[Start of Attachment]

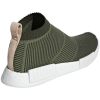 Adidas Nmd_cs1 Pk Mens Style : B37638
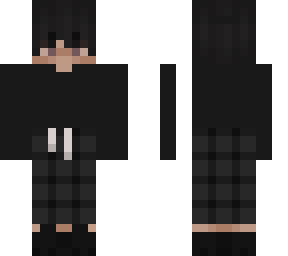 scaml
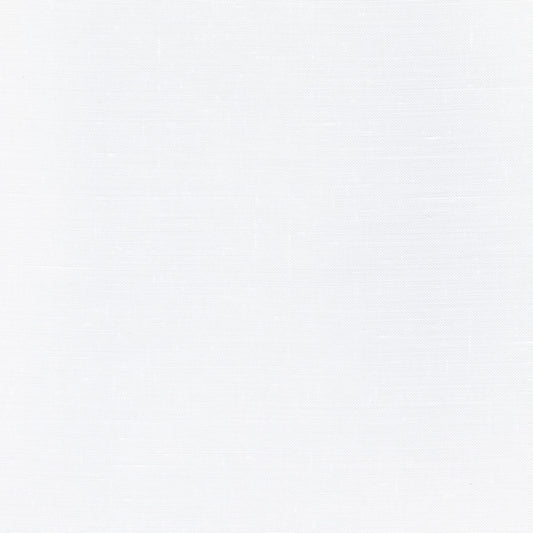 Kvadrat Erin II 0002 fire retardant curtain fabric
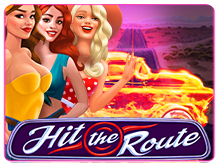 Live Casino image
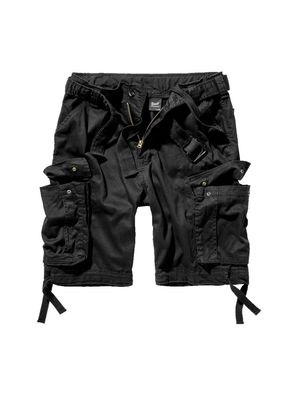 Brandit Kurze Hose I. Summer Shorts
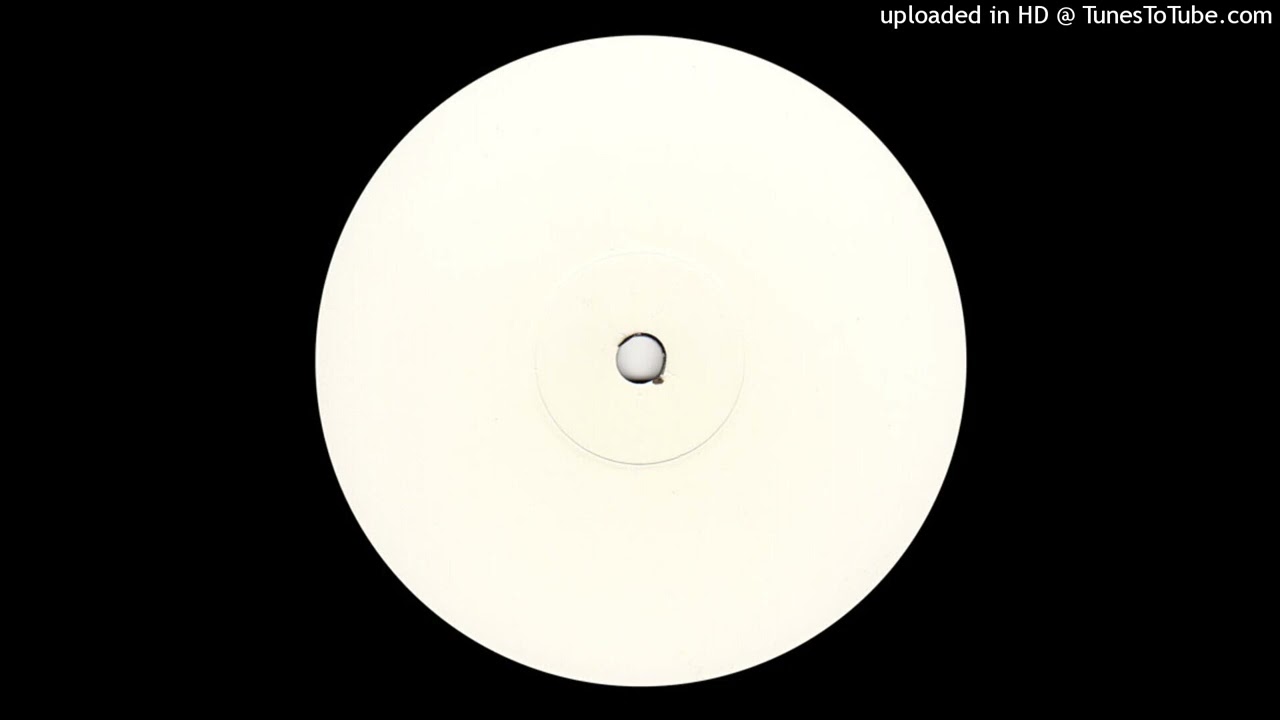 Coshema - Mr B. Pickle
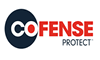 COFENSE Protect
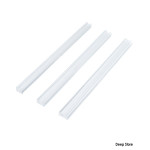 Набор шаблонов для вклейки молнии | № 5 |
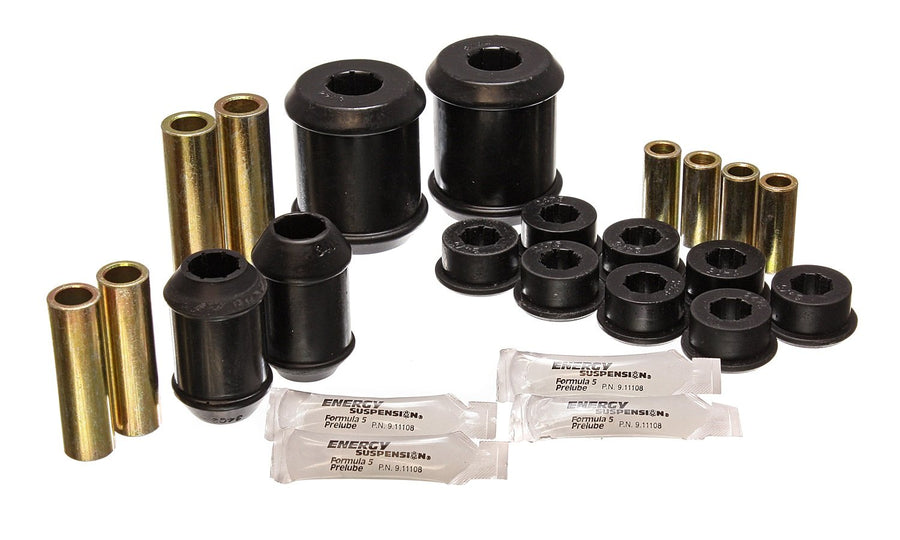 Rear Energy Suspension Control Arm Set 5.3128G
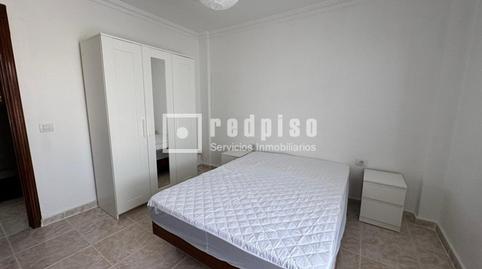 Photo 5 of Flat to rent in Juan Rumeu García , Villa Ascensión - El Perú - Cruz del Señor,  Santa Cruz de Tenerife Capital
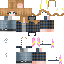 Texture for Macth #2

[End of Attachment]

Everything in the records goes into your answer exactly, except the pictures.

 Adidas Nmd_cs1 Pk Mens Style : B37638
 scaml
 Kvadrat Erin II 0002 fire retardant curtain fabric
 Live Casino image
 Brandit Kurze Hose I. Summer Shorts
 Coshema - Mr B. Pickle
 COFENSE Protect
 Набор шаблонов для вклейки молнии | № 5 |
 Rear Energy Suspension Control Arm Set 5.3128G
 Photo 5 of Flat to rent in Juan Rumeu García , Villa Ascensión - El Perú - Cruz del Señor,  Santa Cruz de Tenerife Capital
 Texture for Macth #2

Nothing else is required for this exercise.